Subí – porque Leonardo tiene el estudio en esos lugares que
dicen que están más cerca del cielo que del suelo- una tarde soleada de
mayo. El mar se presentía cercano. Huele
a pintura fresca, a paquetería que va camino de Reus donde expondrá dentro de
unos días, a cajas que esperan otros destinos, a lienzo que copan testeros.

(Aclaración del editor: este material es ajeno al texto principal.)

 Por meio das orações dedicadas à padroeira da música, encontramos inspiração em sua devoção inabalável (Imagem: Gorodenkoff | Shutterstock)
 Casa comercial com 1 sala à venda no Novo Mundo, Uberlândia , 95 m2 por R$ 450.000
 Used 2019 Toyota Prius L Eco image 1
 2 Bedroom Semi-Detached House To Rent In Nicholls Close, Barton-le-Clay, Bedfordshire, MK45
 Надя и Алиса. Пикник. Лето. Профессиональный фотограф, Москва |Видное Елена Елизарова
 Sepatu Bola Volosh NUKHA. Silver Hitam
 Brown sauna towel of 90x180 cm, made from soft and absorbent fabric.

Chorrean agua los grifos en los lienzos de maestro; se ajan
las rosas: rojas, violetas, amarillas… en vasos de cristal como los que había sobre los veladores de las
señoritas de entonces cuando esperaban a quien había de venir con chaqueta de
hilo crudo, corbata de palomita y zapato negro; a jazmines, blancos, diminutos,
ensoñadores.
Piden unos labios sensuales las uvas de sus cuadros. Uno piensa
en las mozas morenas de trenzas largas y pelo lacio. Ponían estampas a las
cajas de pasas antes del destino hacia aquellos países tan lejanos. Los
llamaban Países Bálticos. No los había visto nadie pero todos sabían que hasta
allí llegaban los barcos de Heredia.
Es fruta de boutique – de boutique de la fruta si es que
existe, claro - la que Leonardo
Fernández lleva a sus cuadros: peras, manzanas, rubíes arrancados a la granada,
guindas y cerezas, ciruelas, sandías, castañas
de la Serranía. Es fruta de perfume. Se escapa e invita al pecado de los
sentidos a quien mira, ve, observa se recrea en el cuadro.
¿Ves? Y me muestra – acaba de terminarlo – la última obra.
Es el puesto de la castañera de la plaza de La Merced… Y me cuenta que él
cuando vivía en Tomás de Cózar fue niño en aquella plaza. Llovía aquella
mañana, la gente refugiada bajo un paraguas, las gotas chorreaban por el
cristal de una ventana desvencijada. No ha podido con el paso del tiempo…
Son sus patios de siempre, sus mosaicos rotos de siempre,
sus lebrillos estañados de siempre, sus chorros de agua continua que rebrinca
y, luego, rebosa la orza pequeña…pero ahora, recogidos de una manera diferente
porque el maestro está espléndido. Hemos
pasado un rato juntos; he dado tarde libre a los sentidos. Cosas que pasan.